Mark Whitby writes

Working as Michael Hopkins’ engineer

First published by Architecture Today, June 2023
We were saddened to hear of the passing of distinguished architect Sir Michael Hopkins last weekend. Whitby Wood co-founder Mark Whitby looks back on what it was like to work with Hopkins in the early days of both their careers.

Michael Hopkins was an architect whose life was rooted in technology but whose spectrum evolved to take on the challenge of using craft materials, such as lead, stone, brick, precast concrete and timber, in combination with the steel and glass that were the palette of High Tech. These became the hallmark of Michael’s architecture which, while modern, is contextual, honest and enduring.

Michael was a mature student when he joined the Architectural Association aged 23 having already studied at Bournemouth and worked with Basil Spence and Frederick Gibberd. At the AA he met Patty — his wife and lifelong collaborator — who on graduating, left to set up her own practice, while Michael joined Norman Foster. While working with Foster, the practice won a competition for the Willis Building in Ipswich, which Michael led, setting a new standard for open plan collaborative work space. On leaving in 1976, he joined Patty and they set up Hopkins Architects in their iconic glass and steel home in Hampstead, which Tony Hunt had engineered and they had built themselves.
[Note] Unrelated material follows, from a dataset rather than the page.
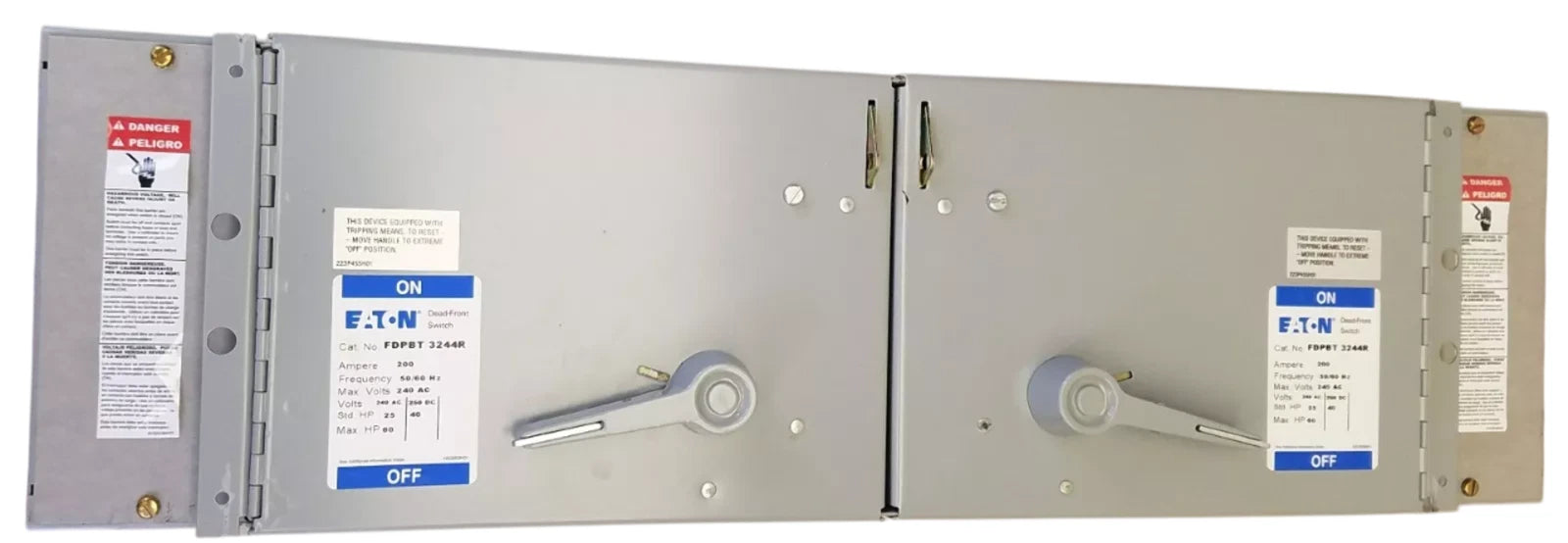 FDPBT3244R | Eaton Power Distribution Busbar Assembly for Panelboard Electrical Systems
At this point, working initially for Tony Hunt, I was to collaborate on a number of buildings where I was able to witness the Hopkins’ practice transition from High Tech. From the outset, design was rooted in the tectonics of knitting materials together but initially, practical suggestions to use materials such blockwork for a loading bay, were to be greeted with the suggestion that we “knew little about architecture”. Our highlight was the Patera building system which Michael, John Pringle and I evolved with the client Nigel Dale. A moderate success, one still stands at Hopkin’s office, with another in Docklands that has been moved four times, being dismantled ‘for refurbishment’ only last year.

Hopkins went on to win the Schlumberger research facility in Cambridge, which exploited some of the Patera technology, and we were to collaborate again on the David Mellor factory in Hathersage. Built on the site of a gasholder, we reused the foundations, extending them slightly and building a circular, loadbearing stone wall on which the steel roof structure would sit. The wall was essentially brittle and the roof ductile – and the joy was in how we resolved the building’s details. But more notable from Hopkins’ point of view was their development of a prefabricated panellised lead roof.

Simultaneously, Hopkins were shortlisted for the Bracken House competition. When Michael realised that all the other competitors were working with Arup, he asked us [Whitby Bird] to be their engineer. Taking an image of Oriel Chambers in Liverpool, Michael and John challenged us to reinterpret what they believed was a loadbearing steel facade (I was to later discover that the loadbearing steel is in fact in the courtyard). Winning was a breakthrough for Hopkins and we continued with the design, only losing out to Arup when the Financial Times sold the site to Japanese developer Obayashi. Our concept for a cast iron facade was substituted with bronze and red sandstone, and Hopkins’ palette extended even further. Elements later re-emerged in the design of Portcullis House, where — taking a cue from the Old Bailey — the services are routed from the rooftop plant rooms into the floors via the facade.

As engineers, working with the Hopkins’ practice was always challenging. Often one had to accept ‘one’s place’, which was never easy. This came to a climax when I was asked by the Architectural Review to write a review of the of Glyndebourne Opera House in which I questioned the structural logic of a detail. This wasn’t at all appreciated. As a result, the practice only worked with Michael once more, on The Forum in Norwich where I had a back seat. Here Mike Crane, my fellow director, recalls how, with the contractor pressing for design information, Michael came up with a fresh design. When Mike made the point that we had just issued construction drawings, Michael simply replied, “The building will be here a lot longer than you”.

The client paid our additional fees.